I was finally disowned and excommunicated several months later when my parents uncovered my relationship with my best friend – who is also female. I was given two weeks to either repent, cut ties with all friends, and return to counseling, or I was out. By wording it this way, they have continued to insist it was my choice to leave and that my exit was completely against their wishes and advice. My entire family, uncles, aunts, grandparents, still remain in CLC or one of its sister churches.
According to my younger sister, who still ocasionally contacts me without their permission, I was first blacklisted then erased completely from church records. My sister said no one is allowed to mention me and she had to find a new network of friends when I left because the whole family was shunned for a time. None of her current friends know I exist.
I left three years ago last month, and two suicide attempts, many hospitalizations, and many, many hours of therapy later, I’m still standing. Crystal and I are celebrating our fourth anniversity today and now live together fifteen hundred miles away from that place.
I didn’t know it was possible to lead a life like this, beautiful and uncensored, with as much damn information about anything I could ever want! To find info like this, speaking out against that place, is blowing my mind.

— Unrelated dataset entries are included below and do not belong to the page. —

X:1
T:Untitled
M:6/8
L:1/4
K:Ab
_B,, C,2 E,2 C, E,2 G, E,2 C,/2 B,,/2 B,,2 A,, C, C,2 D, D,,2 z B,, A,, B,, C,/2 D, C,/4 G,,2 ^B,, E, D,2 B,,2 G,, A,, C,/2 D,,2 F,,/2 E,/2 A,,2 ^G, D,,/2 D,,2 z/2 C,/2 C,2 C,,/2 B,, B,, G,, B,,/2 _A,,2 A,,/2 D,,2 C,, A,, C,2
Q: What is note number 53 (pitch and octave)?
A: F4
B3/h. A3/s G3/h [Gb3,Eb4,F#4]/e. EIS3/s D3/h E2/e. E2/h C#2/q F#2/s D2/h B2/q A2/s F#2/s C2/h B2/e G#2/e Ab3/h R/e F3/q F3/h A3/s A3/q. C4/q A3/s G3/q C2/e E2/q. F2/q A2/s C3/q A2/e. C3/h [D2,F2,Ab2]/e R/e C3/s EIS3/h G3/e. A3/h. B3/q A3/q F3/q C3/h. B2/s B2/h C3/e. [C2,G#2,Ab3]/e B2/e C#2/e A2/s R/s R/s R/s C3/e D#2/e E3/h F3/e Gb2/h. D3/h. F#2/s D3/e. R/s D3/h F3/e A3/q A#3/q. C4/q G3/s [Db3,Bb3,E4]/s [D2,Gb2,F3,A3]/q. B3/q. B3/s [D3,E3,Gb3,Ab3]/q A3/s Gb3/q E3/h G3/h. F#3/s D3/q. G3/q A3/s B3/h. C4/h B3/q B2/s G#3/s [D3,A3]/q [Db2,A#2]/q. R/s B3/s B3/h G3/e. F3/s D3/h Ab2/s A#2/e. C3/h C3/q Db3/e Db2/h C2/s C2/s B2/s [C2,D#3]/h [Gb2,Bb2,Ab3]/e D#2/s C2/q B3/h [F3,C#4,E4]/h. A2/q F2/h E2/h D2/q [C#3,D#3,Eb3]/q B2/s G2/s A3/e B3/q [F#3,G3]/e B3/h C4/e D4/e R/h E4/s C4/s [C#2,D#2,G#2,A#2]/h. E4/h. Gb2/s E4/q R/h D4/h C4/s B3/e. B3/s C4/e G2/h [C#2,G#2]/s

I know my story sounds crazy. Probably no one will believe it, even if they do read it… I just want my voice to be finally heard. Maybe it will help keep someone else from
losing hope.
September 21st, 2008 at 3:46 am
Sorry for any and all typos… I’m updating from my blackberry and am so tired that Qwerty is proving complicated
October 25th, 2008 at 1:06 am
If Sovereign Grace Ministries was a cult they would be put into the same category of the Boston Church, Jehovah Witnesses and Mormons. The theologians of today would point them out as being a cult rather than write books with them, teach seminars with them and fellowship with them. All one has to do is go to monergismdotcom and see CJ Mahaney listed alongside of John Piper, R.C. Sproul,Tim Keller, Sinclair Ferguson, John MacArthur, Al Mohler, James White, Michael Horton, D.A. Carson, Mark Dever, John Frame, James Boice, J. Ligon Duncan III, Iain H Murray,Arturo Azurdia III, and J.I. Packer. If Sovereign Grace Ministries was a cult, these men would speak up.
In Christ,
Paul
November 27th, 2008 at 9:07 pm
Taylor,
I believe you.
I’m so very sorry you experienced all that pain.
I know a young man who still has had serious pain and confusion from all the counseling he was told by pastors from SGM — years later.
I don’t believe your relationship is right, but that’s different than condemning you.
I am so glad you are doing better these days.
There’s a lot of information –Christian and secular — out there on cult recovery.
SGMSurvivors.com is a good place to start.
Best wishes on your future.
February 27th, 2009 at 12:08 pm
[...] like. It was written from a guy named Travis who attended a SGM church in Virginia. His website, On the Other Hand, is really good. He has a few posts concerning his own personal exodus from Sovereign Grace, but he [...]
March 8th, 2009 at 10:44 pm
For those interested I have a 100 question cult test. I’d be curious where SGM scores.